Saturday, March 31, 2012

The Most Fascinating Bad Movie Ever Made

Parody is hard to do right, a fact complicated by the fact that it's often quite hard to tell when people in the genre are trying and when they aren't. For every "Airplane!" there are five "Scary Movies"; for every good Mel Brooks film there are three bad Mel Brooks films. Parody is hard to make appear intelligent and virtually never ages well. And that brings us to the morbid curiosity piece that is "Not Another Teen Movie."

First off, let's look at that movie poster. Click on it; it gets bigger. Movie titles started becoming logos sometime in the late 1970s or so, and in the time since there has never been one that looked less finished than this. The gradated colors of the block letters and the bad shadowing effects point to somebody taking skills learned in Microsoft Excel and transferring them to Corel PhotoPaint. Even if this was 2001/2002 (and it is; note the top billing for the VHS format), that's pretty bad.

The movie itself is a whole other can of twisted aircraft wreckage you pulled out of a swamp. See, although the bulk of what we think of as teen movies came out in the 1980s, the single most definitive entry ever made into the genre - "American Pie" - had come only two years before, although you can see the full list of references here. The amount of material in that list suggests that somebody with a misspent adulthood watched all of these movies, noted things worthy of parody and then built a script around them. The plot line follows this.

Leading lady Chyler Leigh plays Janey Briggs, which was basically the beginning and end of her in movies. Janey is the "pretty-ugly girl," who simply needs to take off her glasses and let down her ponytail to become gorgeous. Her father is crazed alcoholic Vietnam vet Randy Quaid, whose bizarre acting talents were never better used. Janey and her horny younger brother Mitch (Cody McMains) attend a school populated entirely by teen-movie stereotypes. Popular kid Jake (Chris Evans) accepts a bet by other popular kid Austin (Eric Christian Olsen) that he can make any girl prom queen.
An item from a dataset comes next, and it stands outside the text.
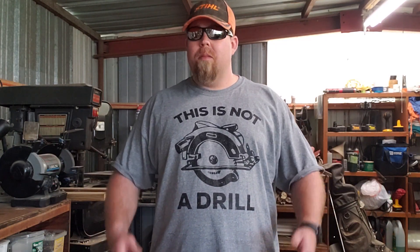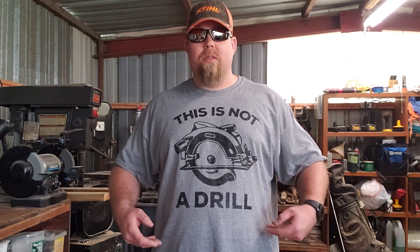Hey there, ladies and jelly spoons. Mrs. Joke got tired of seeing me in my brown work shirts that I do for chores around the house — paint stains and all that stuff — so she got me some new threads. What do you think? I'm digging it.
Janey is chosen.

Other plotlines swirl beneath the surface. Jake's insane pervert sister Amanda (Lacey Chabert) is trying to get him to sleep with her, and later makes out with the elderly undercover reporter who is somehow passing as a teen. Janey's brother and his friends are the stereotypical sex-crazed teens who pack for a crazy trip (that never leaves the neighborhood). Randy Quaid is still Randy Quaid.
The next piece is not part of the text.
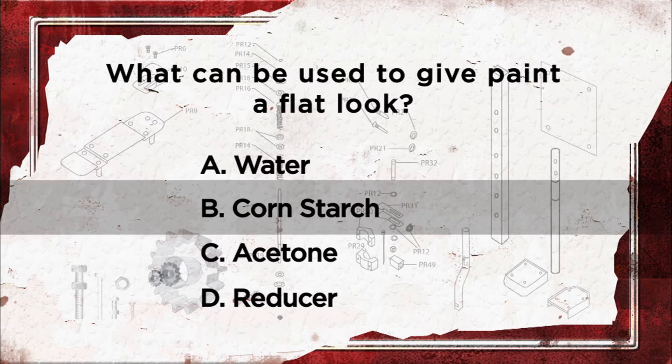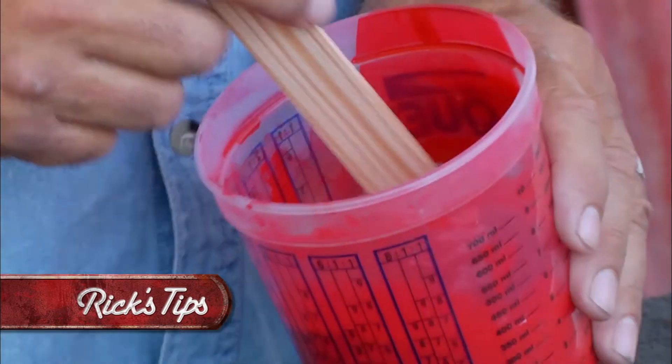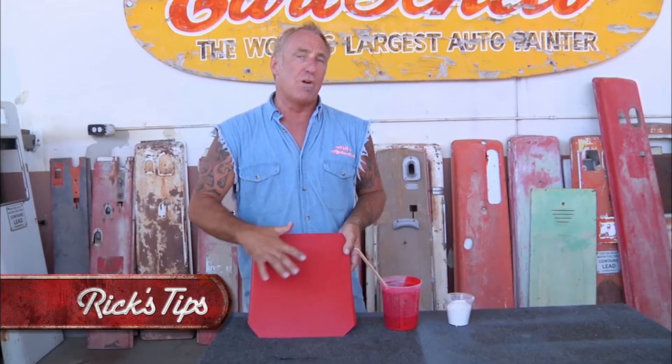The answer is cornstarch. What you do is add a little cornstarch, you mix it up, then when you spray the product you end up with a nice flat finish — and this will work on any paint you want to use.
Remember how I mentioned earlier that this was 2001/2002? The movie came out in December 2001, which means the home video release (on VHS, you guys!) would have been in 2002. But that also means that this is one of the small crop of films that were made before September 11, 2001 but released after it. Despite all the very real problems with Not Another Teen Movie, it can probably get a better reception now than when it came back. Goofy in a quintessentially American way, this couldn't have played particularly well to people who were sitting in theatres trying to remember what it meant to be American. Having adjusted over the ensuing decade, viewers can now appreciate the lack of quality with clear eyes.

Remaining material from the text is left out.